Der Ex-Präsident des deutschen Bundestages hielt die Festrede zur feierlichen Parlamentseröffnung und sprach danach über Gefahren für die Gesellschaft, Krieg, Migration und Österreichs Besonderheit.
Der frühere deutsche Bundestagspräsident Wolfgang Schäuble, 80, hielt die Festrede zur Eröffnung des renovierten Parlaments. Danach nahm sich der seit 50 Jahren aktive CDU-Politiker mit Nationalratspräsident Wolfgang Sobotka noch Zeit für ein Gespräch über Österreich, Europa, die Welt.
„Krone“: In Ihrer Rede sagten Sie, die Demokratie sei in Gefahr. Warum?
Schäuble: Nehmen wir Donald Trump. Er ist nicht die Ursache, sondern die Spitze des Eisbergs. Die Spaltung der USA ist grauenvoll. Oder schauen Sie auf Bolsonaro in Brasilien. In Österreich und Deutschland geht es noch, aber etwa in Frankreich sind die klassischen Parteien pulverisiert. Demokratie ist nicht voraussetzungslos, sie ist eine Zumutung. Sie ist auch kein Supermarkt, wo man sich bedient. Ohne Zusammenhalt funktioniert Demokratie nicht. Zudem gibt es keine gemeinsame Kommunikation. Die Sozialen Medien und deren Blasen spalten.
Sobotka: Wir stehen vor der Herausforderung, dass sich die nächste Generation die Demokratie quasi wieder mehr aneignen muss.
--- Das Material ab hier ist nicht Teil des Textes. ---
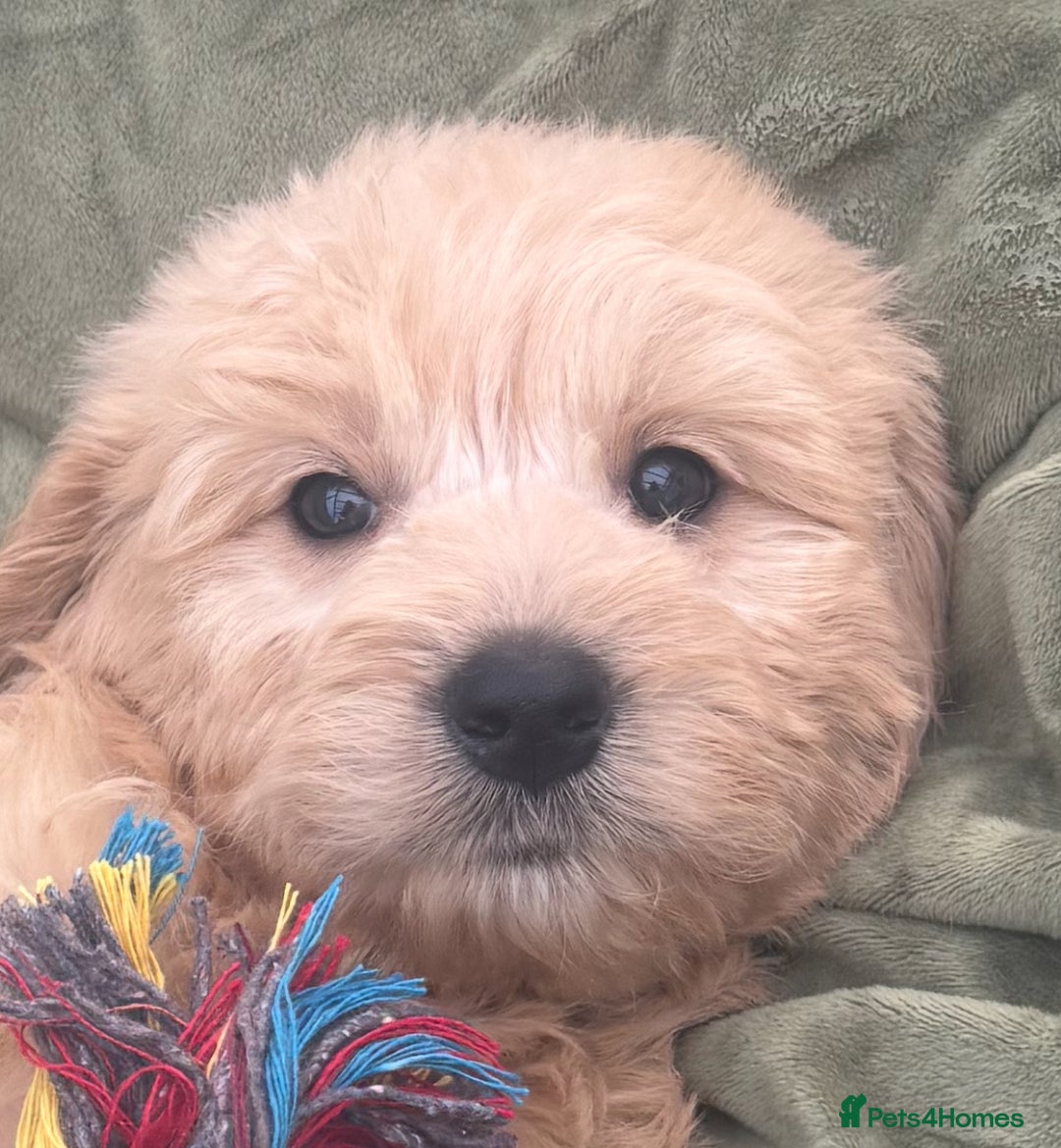 Goldendoodle dogs for sale: Healthy waggy happy puppies  - Image 5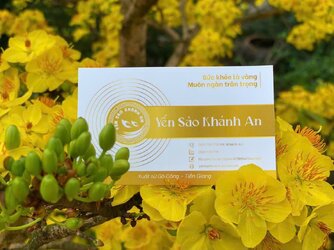 card yen sao khanh an.jpg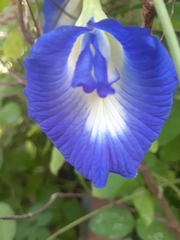 Clitoria ternatea albiflora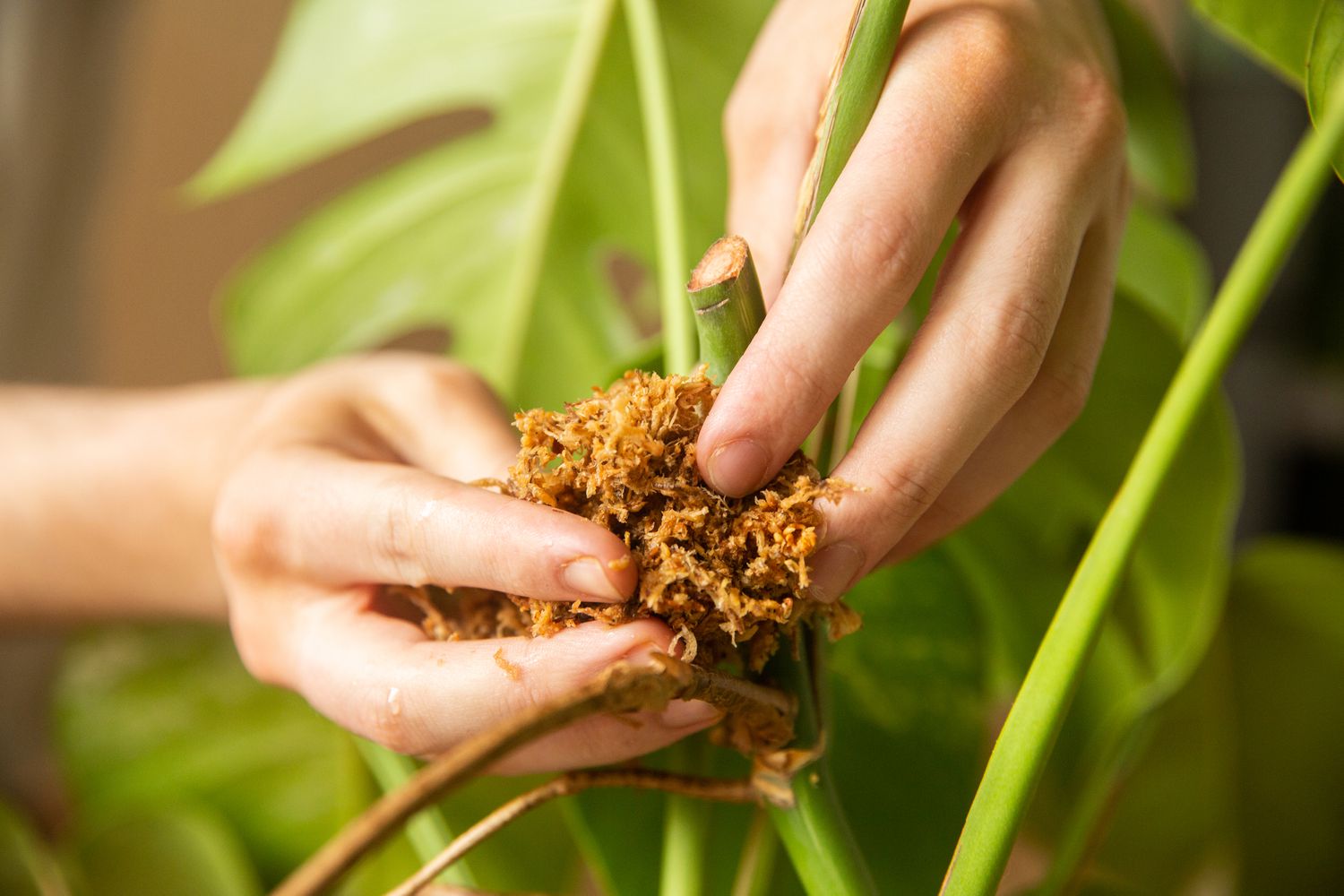 Placing sphagnum moss around the area where the node was severed.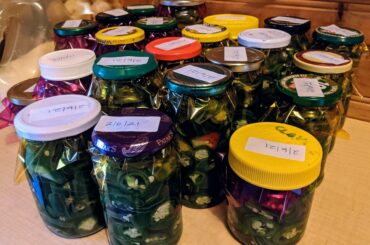 Made enough pickled Jalapenos to last me the year. Not very spicy, just snack food. I have the real stuff as well :)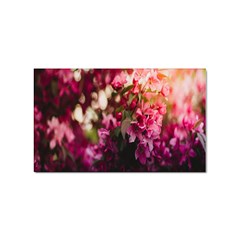 Pink Flower Sticker (Rectangular)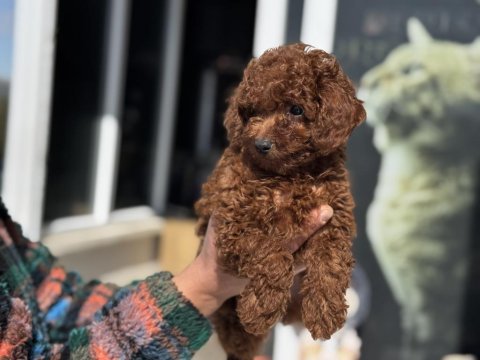 Yasla ruhsatlı işletmeden redbrown kore toy poodle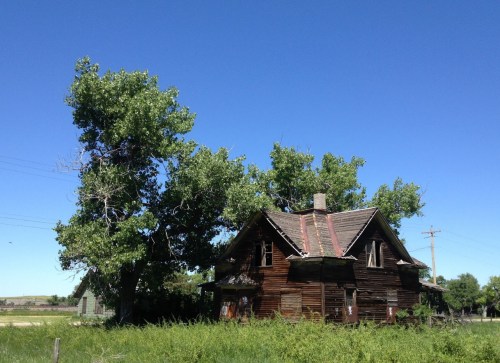 An old, weathered wooden house surrounded by tall trees and overgrown grass under a clear blue sky.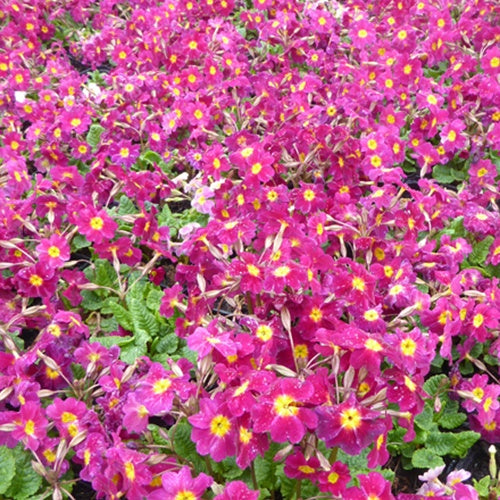 Sleutelbloems Caucase Ideaal (x3) - Bakker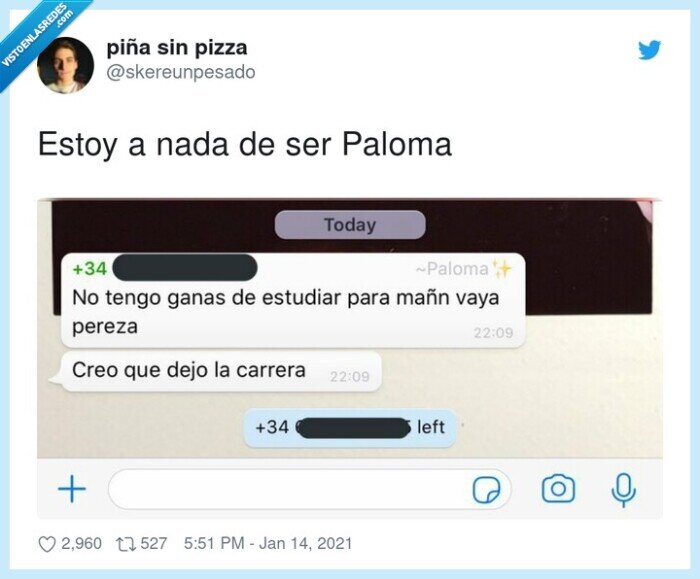 paloma,carrera,universidad,dejar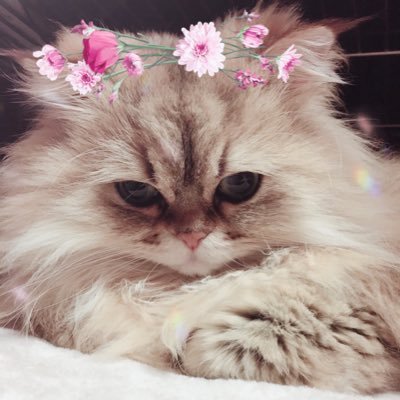 マロン🤎♂︎🐾 🎂🩶⋆͛2016.11.5 🏠🩶⋆͛2017.1.22 🩶🩶🧸🫧👱🏻♀️チョコ🍫🤎 ˡºᵛᵉ♡・.。*・.。* 🤍𓐍𓏸𓈒🤍𓈒𓏸𓐍𓏸𓈒🤍𓈒𓏸𓐍𓏸𓈒🤍𓈒𓏸𓐍🤍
Gut gebildete Jugendliche wägen mehr ab und sind nicht so empfänglich für populistische Strömungen.
Welche Verantwortung tragen die Regierenden?
Schäuble: In Deutschland neigen wir dazu, jedem recht geben zu wollen. Aber Demokratie braucht Führung. Franz Josef Strauß hat einmal gesagt: Everybody’s Darling is everybody’s Ochs. Aber Konfrontation allein nützt gar nichts, nehmen wir den Krieg: Der Kanzler versucht den schmalen Grat zu gehen, die Ukraine bestmöglich zu unterstützen, aber es gibt eben auch ein Eskalationspotenzial. Putin hat das Tabu gebrochen und Atomwaffen thematisiert.
Die Welt ist sehr komplex geworden. Nicht wenige suchen nach einfachen Antworten.
Nationalratspräsident Wolfgang Sobotka
Sobotka: Die Welt ist sehr komplex geworden. Nicht wenige suchen nach einfachen Antworten. Was mir in der Politik zunehmend abgeht, ist das Gemeinsame.
Das Gemeinsame ist nur schwer in Europa zu erzielen.
Schäuble: Wir brauchen auch übergeordnetes Handlungsregelwerk, Beispiel Verteidigung. Nichts gegen österreichische Besonderheiten, aber es geht nur gemeinsam. Komplementär zur Nato muss es eine europäische Lösung geben. Die Länder, die das wollen, müssen vorangehen. Polen mit der größten konventionellen Armee, Deutschland mit der Wirtschafts,- und Frankreich mit der Atomkraft.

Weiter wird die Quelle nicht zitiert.